• **PROVIDED MATERIAL**:
*** Block opens ***
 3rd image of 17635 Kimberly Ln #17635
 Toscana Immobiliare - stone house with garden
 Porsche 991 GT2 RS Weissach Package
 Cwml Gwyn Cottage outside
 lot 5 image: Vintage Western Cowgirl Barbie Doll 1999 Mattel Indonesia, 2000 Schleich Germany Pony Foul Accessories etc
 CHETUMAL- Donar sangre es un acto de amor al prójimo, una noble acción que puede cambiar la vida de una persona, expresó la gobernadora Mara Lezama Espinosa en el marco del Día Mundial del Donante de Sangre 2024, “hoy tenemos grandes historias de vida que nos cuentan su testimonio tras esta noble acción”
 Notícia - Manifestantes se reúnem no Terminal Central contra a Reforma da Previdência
*** Block closes ***
*** Block opens ***
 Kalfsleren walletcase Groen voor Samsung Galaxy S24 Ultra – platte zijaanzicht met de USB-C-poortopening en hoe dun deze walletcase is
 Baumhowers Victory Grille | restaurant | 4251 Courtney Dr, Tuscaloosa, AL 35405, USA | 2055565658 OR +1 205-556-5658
*** Block closes ***
*** Block opens ***
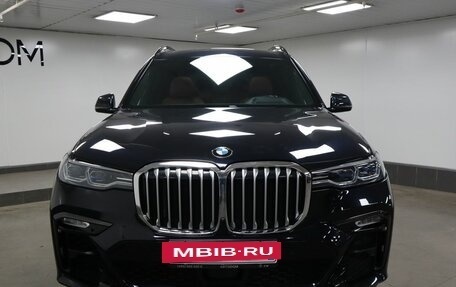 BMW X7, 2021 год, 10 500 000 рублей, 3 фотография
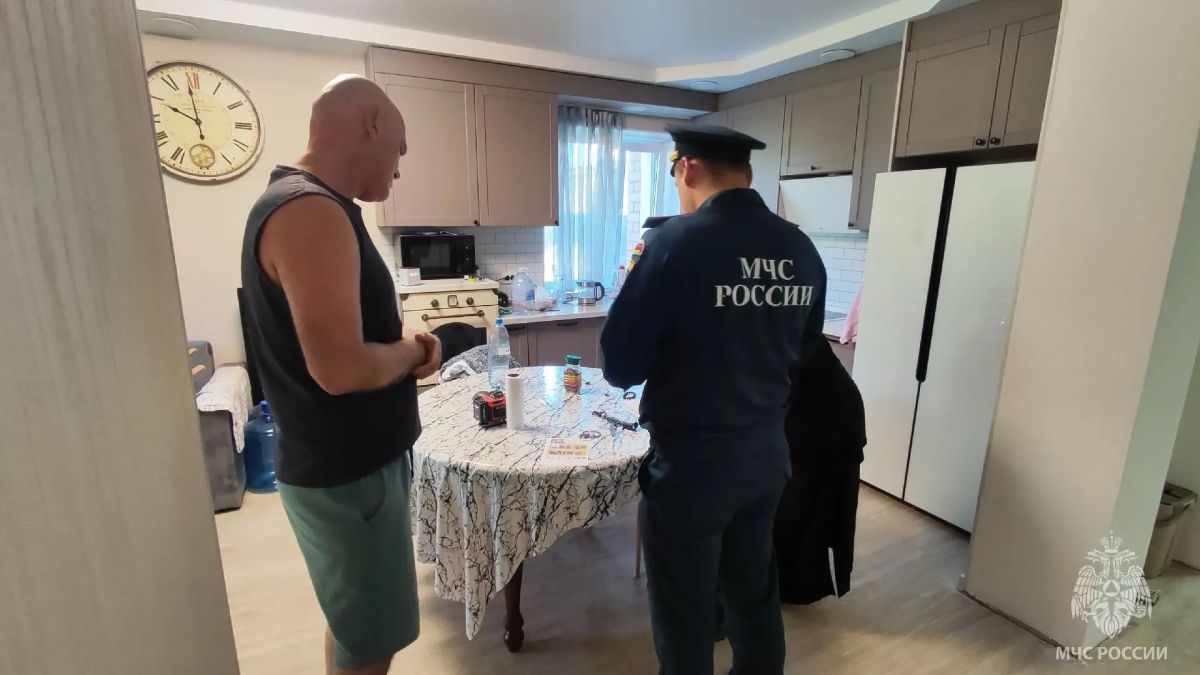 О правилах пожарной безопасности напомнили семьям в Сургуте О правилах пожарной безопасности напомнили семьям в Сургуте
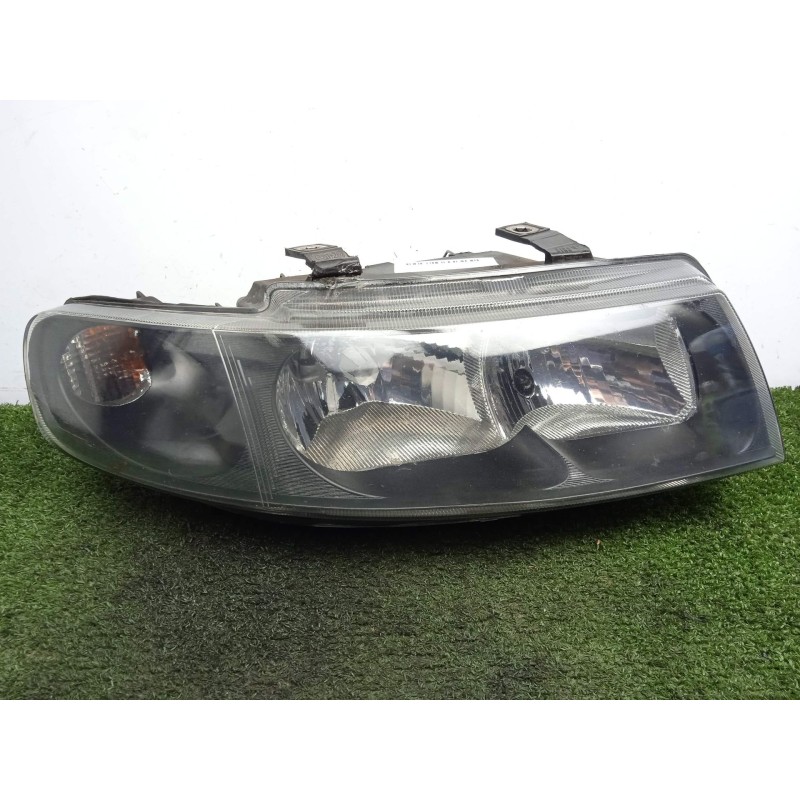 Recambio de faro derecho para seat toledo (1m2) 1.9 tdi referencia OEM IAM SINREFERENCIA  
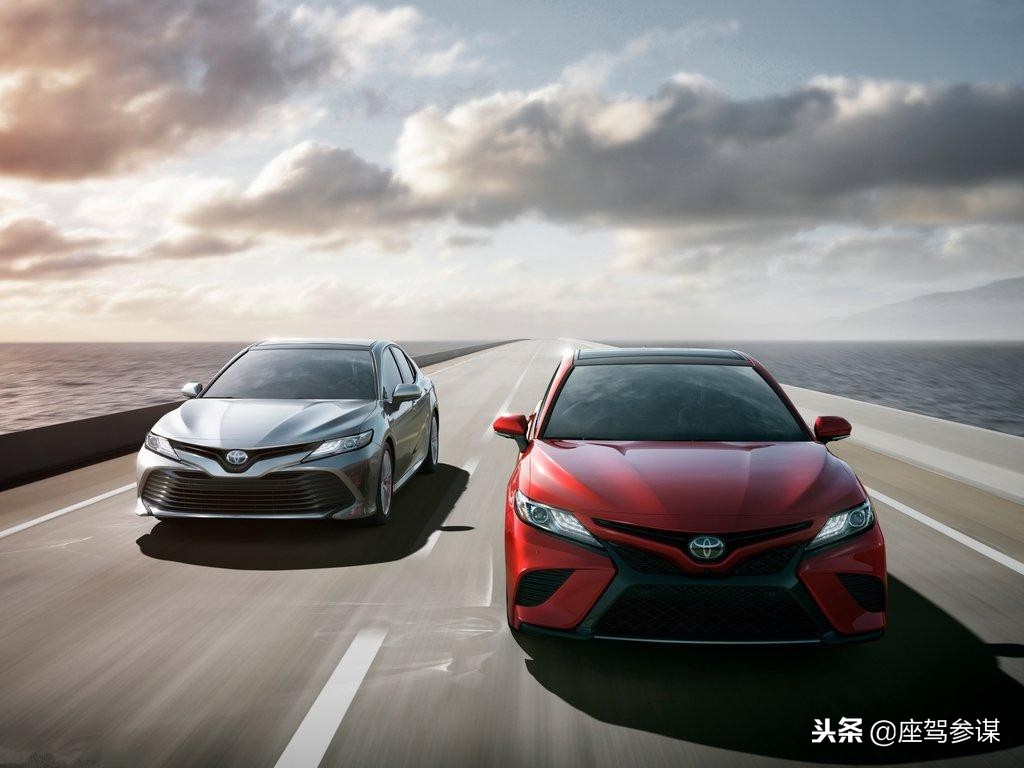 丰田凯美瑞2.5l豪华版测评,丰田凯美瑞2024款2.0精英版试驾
*** Block closes ***
• **WHAT IS REQUIRED**: The answer should consist only of the lines above from the one with "О правилах пожарной безопасности напомнили семьям в Сургуте О" through the one with "丰田凯美瑞2.5l豪华版测评,丰田凯美瑞2024款2.0精英版试驾", repeated exactly, with no pictures among them.

• **TASK ANSWER**:
 О правилах пожарной безопасности напомнили семьям в Сургуте О правилах пожарной безопасности напомнили семьям в Сургуте
 Recambio de faro derecho para seat toledo (1m2) 1.9 tdi referencia OEM IAM SINREFERENCIA  
 丰田凯美瑞2.5l豪华版测评,丰田凯美瑞2024款2.0精英版试驾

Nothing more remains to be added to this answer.